Dagger, an SDK on top of BuildKit, allows for the definition of execution layers entirely as code and features an opt-out caching approach.
At Airbnb, Prefect was chosen for orchestration due to its data-heavy background, but other options like general-purpose programming languages or tools like Airflow are available.
End users need to be comfortable using CI/CD tools and being able to work with familiar languages is important for adoption.
AirCMD, a Python-based CLI tool, can execute composable commands (build, test, CI) offering flexibility for users.
The tool leverages caching for performance, and a visualization tool helps users understand cache hits and misses.

One benefit of standardized CI/CD solutions is that they are quick and easy to grow with, but they can become difficult to manage when complexity increases, such as when Python code is inlined in YAML.
Vendor-independent solutions are important in the volatile CI/CD tooling market because they allow for easier migration between platforms.

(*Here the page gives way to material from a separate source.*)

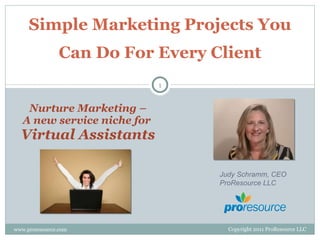 Simple Marketing Projects You Can Do For Every Client Nurture Marketing – A new service niche for  Virtual Assistants www.proresource.com Judy Schramm, CEO ProResource LLC Copyright 2011 ProResource LLC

There are challenges in managing and distributing reusable modules in microservices architectures, particularly in versioning tools, packages, and plugins, and deploying updates and testing.
One of the priorities is tackling the challenge of maintaining the ecosystem for reusable modules, which currently puts a significant burden on platform engineers.
Dagger, a relatively new technology built on Buildkit, presents challenges due to its novelty and the unfamiliarity of containerized builds for some organizations.

A 90% cost savings was achieved, partially due to the ability to leverage the chosen tooling and system to easily identify and address caching bottlenecks.
By switching from a system that spawned one machine per connector to a single machine approach that leveraged caching, a 70x reduction in machine time was achieved when testing 70 connectors.
A key methodology for success in adopting new approaches to CI/CD is to demonstrate a dramatic win, such as improving the slowest or flakiest job.